## WHAT YOU SHOULD DO
For the listing below, print exactly the lines from the line with "NUK Learner Cup, 6+" to the line with "GUMMIES 10PK [100MG]", both included, and nothing beyond them.

## DATA SHOWN
- Opening Delimiter -
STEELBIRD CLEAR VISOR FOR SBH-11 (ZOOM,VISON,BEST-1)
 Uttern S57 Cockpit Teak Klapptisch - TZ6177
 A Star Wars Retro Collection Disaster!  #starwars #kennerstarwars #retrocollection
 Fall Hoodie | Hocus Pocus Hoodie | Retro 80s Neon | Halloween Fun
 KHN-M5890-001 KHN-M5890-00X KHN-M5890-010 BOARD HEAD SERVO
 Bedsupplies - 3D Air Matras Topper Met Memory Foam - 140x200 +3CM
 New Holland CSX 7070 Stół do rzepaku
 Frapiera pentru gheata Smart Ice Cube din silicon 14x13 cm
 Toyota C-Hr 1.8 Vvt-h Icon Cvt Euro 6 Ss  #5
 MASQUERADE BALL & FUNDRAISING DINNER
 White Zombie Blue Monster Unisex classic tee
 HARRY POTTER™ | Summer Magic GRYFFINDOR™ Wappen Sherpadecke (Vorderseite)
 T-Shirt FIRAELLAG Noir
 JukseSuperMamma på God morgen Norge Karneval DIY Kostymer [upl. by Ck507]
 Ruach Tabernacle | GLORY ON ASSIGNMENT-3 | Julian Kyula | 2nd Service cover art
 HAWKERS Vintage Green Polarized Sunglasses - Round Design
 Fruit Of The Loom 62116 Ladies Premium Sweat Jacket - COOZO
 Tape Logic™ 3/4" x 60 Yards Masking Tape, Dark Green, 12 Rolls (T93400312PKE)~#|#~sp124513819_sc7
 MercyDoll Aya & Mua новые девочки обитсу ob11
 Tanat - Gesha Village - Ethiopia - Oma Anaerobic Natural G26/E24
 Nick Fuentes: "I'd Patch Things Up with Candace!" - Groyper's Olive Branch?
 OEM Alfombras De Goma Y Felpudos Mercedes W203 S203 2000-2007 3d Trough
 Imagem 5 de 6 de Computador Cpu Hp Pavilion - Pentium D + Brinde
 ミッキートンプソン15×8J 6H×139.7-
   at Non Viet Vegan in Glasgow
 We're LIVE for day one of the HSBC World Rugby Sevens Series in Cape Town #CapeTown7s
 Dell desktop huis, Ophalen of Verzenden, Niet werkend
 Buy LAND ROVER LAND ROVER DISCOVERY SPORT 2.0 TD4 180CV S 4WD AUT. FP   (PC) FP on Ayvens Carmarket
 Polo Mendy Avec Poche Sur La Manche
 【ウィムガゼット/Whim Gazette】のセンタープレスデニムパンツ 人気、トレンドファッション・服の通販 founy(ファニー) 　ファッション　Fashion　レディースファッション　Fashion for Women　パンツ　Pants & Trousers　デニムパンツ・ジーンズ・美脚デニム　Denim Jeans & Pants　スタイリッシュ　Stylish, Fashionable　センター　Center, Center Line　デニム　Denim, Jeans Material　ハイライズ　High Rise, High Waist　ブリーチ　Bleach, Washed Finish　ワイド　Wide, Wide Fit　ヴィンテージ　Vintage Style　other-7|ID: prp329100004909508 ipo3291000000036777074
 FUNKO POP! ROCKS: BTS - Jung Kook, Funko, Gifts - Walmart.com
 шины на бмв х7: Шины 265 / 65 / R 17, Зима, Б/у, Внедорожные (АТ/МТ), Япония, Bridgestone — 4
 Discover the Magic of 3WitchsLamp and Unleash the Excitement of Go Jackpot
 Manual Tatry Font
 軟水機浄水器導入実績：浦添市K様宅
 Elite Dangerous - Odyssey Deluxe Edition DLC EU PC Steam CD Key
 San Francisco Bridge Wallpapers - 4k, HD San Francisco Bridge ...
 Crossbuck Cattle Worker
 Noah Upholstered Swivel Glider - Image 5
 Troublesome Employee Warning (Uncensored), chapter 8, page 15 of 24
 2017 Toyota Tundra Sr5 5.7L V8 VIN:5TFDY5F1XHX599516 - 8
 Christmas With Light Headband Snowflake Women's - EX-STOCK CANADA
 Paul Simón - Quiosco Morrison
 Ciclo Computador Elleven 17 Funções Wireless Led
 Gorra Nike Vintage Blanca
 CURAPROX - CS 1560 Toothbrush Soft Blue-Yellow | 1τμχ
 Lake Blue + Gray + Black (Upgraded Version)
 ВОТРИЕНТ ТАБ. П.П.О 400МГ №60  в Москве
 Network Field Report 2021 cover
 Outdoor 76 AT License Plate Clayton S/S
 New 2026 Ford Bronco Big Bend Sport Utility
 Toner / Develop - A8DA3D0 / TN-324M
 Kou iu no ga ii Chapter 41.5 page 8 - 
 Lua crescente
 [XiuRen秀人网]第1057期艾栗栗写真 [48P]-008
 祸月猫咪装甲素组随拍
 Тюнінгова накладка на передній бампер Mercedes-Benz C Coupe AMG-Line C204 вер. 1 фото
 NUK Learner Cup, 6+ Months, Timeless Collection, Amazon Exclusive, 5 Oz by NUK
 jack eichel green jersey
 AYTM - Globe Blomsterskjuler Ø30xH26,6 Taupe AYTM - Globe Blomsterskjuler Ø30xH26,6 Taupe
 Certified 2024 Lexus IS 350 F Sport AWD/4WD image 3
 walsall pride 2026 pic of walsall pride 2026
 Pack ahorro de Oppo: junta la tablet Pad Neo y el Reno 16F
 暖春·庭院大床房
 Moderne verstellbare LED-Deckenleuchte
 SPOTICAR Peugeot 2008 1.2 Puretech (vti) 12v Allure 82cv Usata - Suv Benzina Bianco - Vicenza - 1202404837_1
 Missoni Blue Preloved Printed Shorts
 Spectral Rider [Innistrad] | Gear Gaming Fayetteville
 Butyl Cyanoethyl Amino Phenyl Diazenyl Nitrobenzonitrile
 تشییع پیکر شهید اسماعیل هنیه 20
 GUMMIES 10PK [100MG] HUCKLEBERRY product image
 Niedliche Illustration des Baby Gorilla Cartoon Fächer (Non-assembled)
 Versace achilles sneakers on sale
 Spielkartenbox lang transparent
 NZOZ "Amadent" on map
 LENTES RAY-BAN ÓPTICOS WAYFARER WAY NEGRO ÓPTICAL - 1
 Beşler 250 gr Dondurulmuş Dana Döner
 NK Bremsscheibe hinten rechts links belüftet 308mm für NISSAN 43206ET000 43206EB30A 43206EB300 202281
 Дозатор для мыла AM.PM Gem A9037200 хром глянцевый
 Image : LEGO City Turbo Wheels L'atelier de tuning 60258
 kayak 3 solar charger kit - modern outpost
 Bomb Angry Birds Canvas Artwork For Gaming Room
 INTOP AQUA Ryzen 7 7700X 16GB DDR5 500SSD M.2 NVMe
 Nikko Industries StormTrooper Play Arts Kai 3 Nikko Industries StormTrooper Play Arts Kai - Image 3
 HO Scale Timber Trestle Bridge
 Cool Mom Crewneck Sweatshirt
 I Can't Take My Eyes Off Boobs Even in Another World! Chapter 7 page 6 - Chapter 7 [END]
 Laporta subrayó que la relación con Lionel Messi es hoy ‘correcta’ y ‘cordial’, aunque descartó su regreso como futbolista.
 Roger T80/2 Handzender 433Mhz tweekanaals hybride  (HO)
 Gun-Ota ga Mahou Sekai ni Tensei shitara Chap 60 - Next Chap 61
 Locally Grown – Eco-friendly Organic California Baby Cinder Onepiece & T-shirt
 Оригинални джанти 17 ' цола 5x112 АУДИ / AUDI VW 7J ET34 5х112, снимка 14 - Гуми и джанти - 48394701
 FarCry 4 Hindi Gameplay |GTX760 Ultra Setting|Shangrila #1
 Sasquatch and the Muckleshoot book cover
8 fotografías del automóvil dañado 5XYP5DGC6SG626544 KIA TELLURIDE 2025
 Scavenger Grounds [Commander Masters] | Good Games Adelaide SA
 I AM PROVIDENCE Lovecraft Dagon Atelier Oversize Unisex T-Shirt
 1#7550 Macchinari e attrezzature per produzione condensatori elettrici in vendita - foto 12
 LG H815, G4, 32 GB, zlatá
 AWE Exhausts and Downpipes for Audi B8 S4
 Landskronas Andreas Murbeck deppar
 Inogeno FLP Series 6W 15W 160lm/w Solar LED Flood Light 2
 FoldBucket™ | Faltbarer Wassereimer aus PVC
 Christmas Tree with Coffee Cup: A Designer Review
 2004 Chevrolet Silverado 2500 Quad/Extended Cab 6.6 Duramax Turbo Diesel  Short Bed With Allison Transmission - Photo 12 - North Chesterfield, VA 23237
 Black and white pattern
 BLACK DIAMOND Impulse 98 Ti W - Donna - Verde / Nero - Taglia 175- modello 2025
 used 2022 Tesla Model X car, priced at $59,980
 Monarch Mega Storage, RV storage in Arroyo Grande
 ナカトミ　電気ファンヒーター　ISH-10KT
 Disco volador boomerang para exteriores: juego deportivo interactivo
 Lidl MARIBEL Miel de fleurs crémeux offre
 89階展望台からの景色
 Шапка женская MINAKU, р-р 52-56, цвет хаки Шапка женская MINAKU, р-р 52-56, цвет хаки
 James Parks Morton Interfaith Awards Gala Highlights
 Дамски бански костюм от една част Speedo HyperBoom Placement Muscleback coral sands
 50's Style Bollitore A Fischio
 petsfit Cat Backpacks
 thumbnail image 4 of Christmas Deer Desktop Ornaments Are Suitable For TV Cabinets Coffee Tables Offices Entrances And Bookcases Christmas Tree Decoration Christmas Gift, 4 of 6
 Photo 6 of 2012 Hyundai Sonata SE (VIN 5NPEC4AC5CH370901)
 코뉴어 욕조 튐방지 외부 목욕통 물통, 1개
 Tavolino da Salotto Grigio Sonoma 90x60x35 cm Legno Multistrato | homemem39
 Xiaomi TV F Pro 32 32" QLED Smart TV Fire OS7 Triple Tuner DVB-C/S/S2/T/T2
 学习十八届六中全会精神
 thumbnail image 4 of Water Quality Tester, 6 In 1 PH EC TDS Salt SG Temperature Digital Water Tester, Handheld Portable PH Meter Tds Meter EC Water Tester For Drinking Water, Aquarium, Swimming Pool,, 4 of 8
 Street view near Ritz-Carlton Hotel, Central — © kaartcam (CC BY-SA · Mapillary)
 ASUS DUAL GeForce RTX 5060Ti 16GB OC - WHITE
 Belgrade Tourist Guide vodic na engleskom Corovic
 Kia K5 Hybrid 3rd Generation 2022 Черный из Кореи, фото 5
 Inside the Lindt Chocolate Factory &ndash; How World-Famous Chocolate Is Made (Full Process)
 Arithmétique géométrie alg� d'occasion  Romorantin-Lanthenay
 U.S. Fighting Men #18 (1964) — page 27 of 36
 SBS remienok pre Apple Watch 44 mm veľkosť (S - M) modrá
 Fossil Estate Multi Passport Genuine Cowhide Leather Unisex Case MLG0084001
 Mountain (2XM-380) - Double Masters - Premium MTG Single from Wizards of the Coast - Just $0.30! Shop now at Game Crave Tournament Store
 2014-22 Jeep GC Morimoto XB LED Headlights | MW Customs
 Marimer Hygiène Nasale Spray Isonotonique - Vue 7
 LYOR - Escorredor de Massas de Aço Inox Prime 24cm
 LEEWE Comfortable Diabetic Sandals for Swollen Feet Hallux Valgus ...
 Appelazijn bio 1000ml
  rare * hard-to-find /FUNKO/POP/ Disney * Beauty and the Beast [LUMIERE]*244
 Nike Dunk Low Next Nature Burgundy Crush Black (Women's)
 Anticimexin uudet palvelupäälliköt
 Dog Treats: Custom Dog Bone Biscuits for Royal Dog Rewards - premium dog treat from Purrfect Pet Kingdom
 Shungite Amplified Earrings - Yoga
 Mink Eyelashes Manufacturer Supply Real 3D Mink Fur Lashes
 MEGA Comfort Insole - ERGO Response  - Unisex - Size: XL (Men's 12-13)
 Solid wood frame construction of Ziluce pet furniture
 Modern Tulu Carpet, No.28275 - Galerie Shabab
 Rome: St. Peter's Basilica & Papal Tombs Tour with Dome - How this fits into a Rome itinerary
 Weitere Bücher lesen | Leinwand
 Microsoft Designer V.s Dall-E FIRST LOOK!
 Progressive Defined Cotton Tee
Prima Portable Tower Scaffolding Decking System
- Closing Delimiter -
## SOLUTION TO THIS PROBLEM
 NUK Learner Cup, 6+ Months, Timeless Collection, Amazon Exclusive, 5 Oz by NUK
 jack eichel green jersey
 AYTM - Globe Blomsterskjuler Ø30xH26,6 Taupe AYTM - Globe Blomsterskjuler Ø30xH26,6 Taupe
 Certified 2024 Lexus IS 350 F Sport AWD/4WD image 3
 walsall pride 2026 pic of walsall pride 2026
 Pack ahorro de Oppo: junta la tablet Pad Neo y el Reno 16F
 暖春·庭院大床房
 Moderne verstellbare LED-Deckenleuchte
 SPOTICAR Peugeot 2008 1.2 Puretech (vti) 12v Allure 82cv Usata - Suv Benzina Bianco - Vicenza - 1202404837_1
 Missoni Blue Preloved Printed Shorts
 Spectral Rider [Innistrad] | Gear Gaming Fayetteville
 Butyl Cyanoethyl Amino Phenyl Diazenyl Nitrobenzonitrile
 تشییع پیکر شهید اسماعیل هنیه 20
 GUMMIES 10PK [100MG] HUCKLEBERRY product image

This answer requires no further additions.